#### [TASK DESCRIPTION]
Copy each line in the data that includes the word "Vintage".

#### [MATERIAL FOR THIS TASK]
*** Block opens ***

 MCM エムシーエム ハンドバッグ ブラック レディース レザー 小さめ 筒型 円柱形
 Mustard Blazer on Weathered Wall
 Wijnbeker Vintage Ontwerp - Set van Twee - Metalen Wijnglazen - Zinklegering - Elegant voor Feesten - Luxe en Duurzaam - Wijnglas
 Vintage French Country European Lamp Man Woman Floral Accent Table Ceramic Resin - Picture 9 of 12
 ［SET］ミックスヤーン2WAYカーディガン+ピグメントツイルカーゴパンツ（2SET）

*** Block closes ***
*** Block opens ***

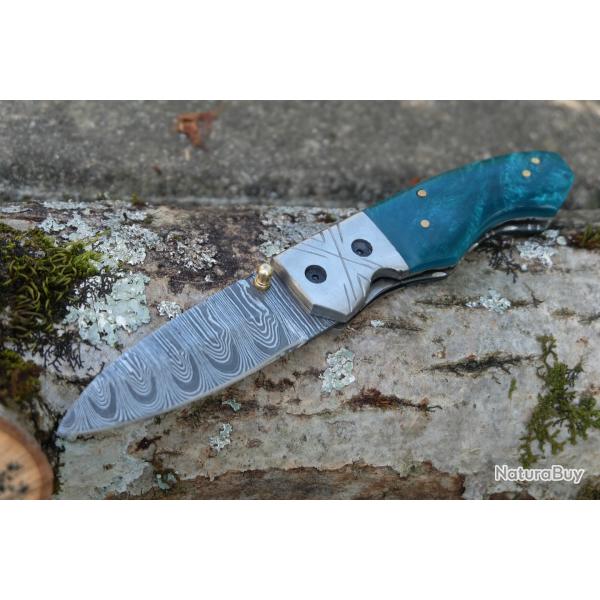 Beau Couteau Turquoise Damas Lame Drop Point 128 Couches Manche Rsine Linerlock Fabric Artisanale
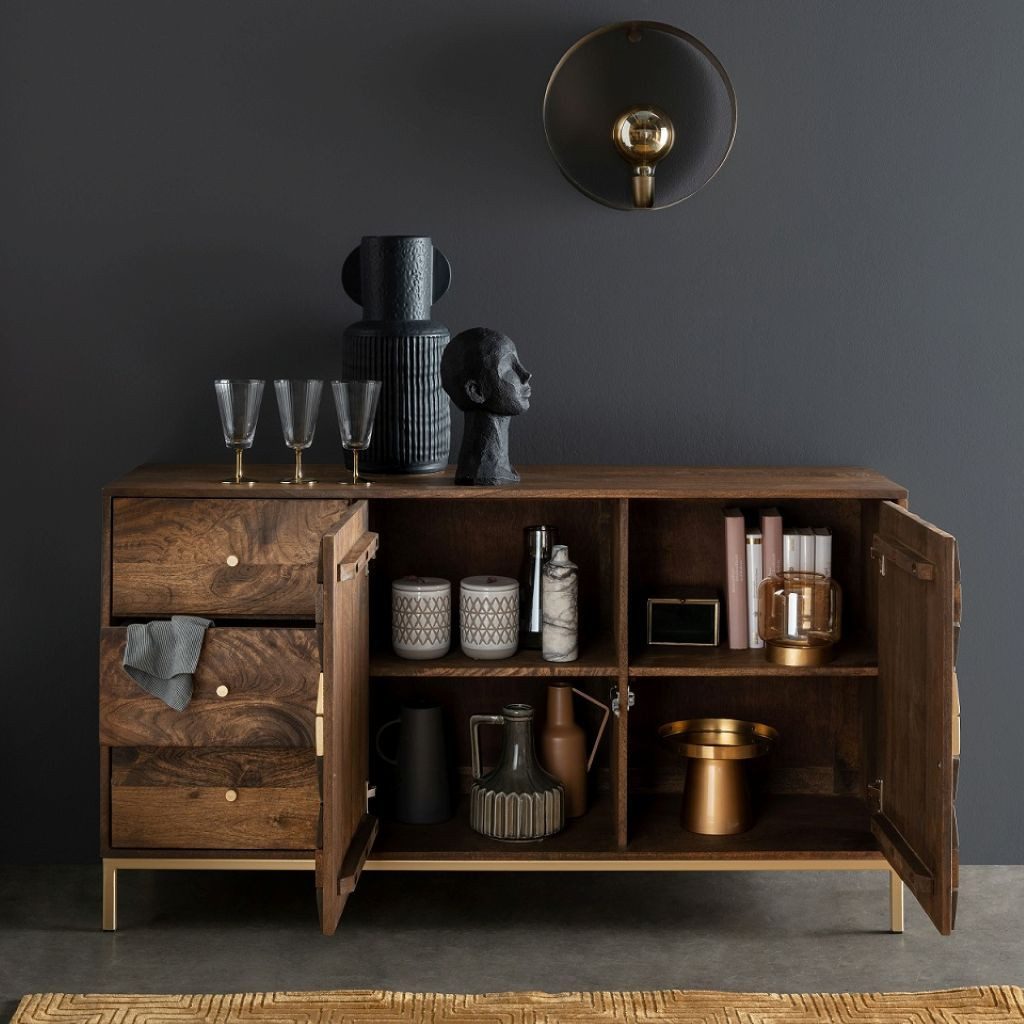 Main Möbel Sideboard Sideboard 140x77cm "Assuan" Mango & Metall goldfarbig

*** Block closes ***

#### [WORKED SOLUTION]
 Wijnbeker Vintage Ontwerp - Set van Twee - Metalen Wijnglazen - Zinklegering - Elegant voor Feesten - Luxe en Duurzaam - Wijnglas
 Vintage French Country European Lamp Man Woman Floral Accent Table Ceramic Resin - Picture 9 of 12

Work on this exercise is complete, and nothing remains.